A new superintendent will be overseeing the Three Village Central School district come July 6.

Kevin Scanlon will become the school district’s new superintendent on July 6. Photo from Three Village Central School District

TVCSD’s assistant superintendent for educational services, Kevin Scanlon, is ready to take over the reins with nearly 30 years of education experience behind him.

Last year, current superintendent Cheryl Pedisich’s announcement that she would stay on for one more school year coincided with Scanlon receiving offers from other districts. After the board of ed reviewed his résumé and interviewed him, they asked if he wanted the job. He said in a phone interview that after enjoying his work immensely in Three Village over the years, “I’m going to be happy to continue on in my new role.”


The 52-year-old lives a short distance away in Smithtown, and he and his wife Kerri have two children, Meghan, 25, and Sean, 14. A native of Bay Shore, he grew up as the youngest of 11 children and began his college career at first majoring in accounting at Iona College. He soon switched to history, with a concentration on middle eastern history. Scanlon went on to get his master’s in criminal justice at the school and was employed by the college as an admissions counselor and then managed the dorms. He recently received his doctorate from St. John’s University and has an administration certification from Stony Brook University.

His interest in teaching grew when he was in college tutoring underprivileged students. He said that’s when “chalk got in my blood.”

“I felt I would do more for our world in general if I was working with kids like that,” Scanlon said.

Throughout his career, he’s taught social studies at every level from seventh grade to 12th, including Advanced Placement, honors and Regents classes.

“I’ve enjoyed that immensely,” he said. “I see so much of the good that our teachers do and teachers in general do, just affecting the future.”

His first teaching job was in a school in Upper Manhattan that saw an increase in crime right in its own hallways in the late 1980s and ’90s. The former amateur boxer, who spent eight years in the U.S. Navy Reserve, was conducting a student observation when he had to tackle a student with a knife in the hallway.

“The next morning, I was brought in to replace the teacher that was stabbed,” Scanlon said. “A little frightening, but well needed in that place. It was a very large high school in Upper Manhattan, 4,000 students.

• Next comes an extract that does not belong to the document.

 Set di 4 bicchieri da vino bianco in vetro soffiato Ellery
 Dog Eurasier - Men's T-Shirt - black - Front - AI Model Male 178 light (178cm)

They set the state record for robberies and rapes in a school.” 

After working in the New York City school system, he went on to teach Catholic school for a short period in Connecticut. He also has taught night school in Brentwood High School for 10 years.

His first experience teaching in Three Village was in 1996 when he became a social studies teacher in Ward Melville High School, five years later he became chair of humanities at Paul J. Gelinas Junior High School and remained in the position until 2003.

He had a two-year stint in the Oyster Bay school district as district supervisor of social studies and became principal of Roslyn High School in 2005 after a scandal in the district which is the subject of the movie “Bad Education.” After spending seven years heading up Roslyn, he returned to Three Village in 2012 as assistant superintendent for educational services.

The future 

Scanlon said he is ready to work on some significant challenges when he begins his new position July 6. He said before the pandemic parents had been discussing school start times with the board and administrators. Many have said that some students, particularly high school students, have first classes that start too early and interfere with healthy sleeping patterns for teenagers. A start-time committee was formed before the pandemic, but discussions had to be put on hold as administrators dealt with COVID-19.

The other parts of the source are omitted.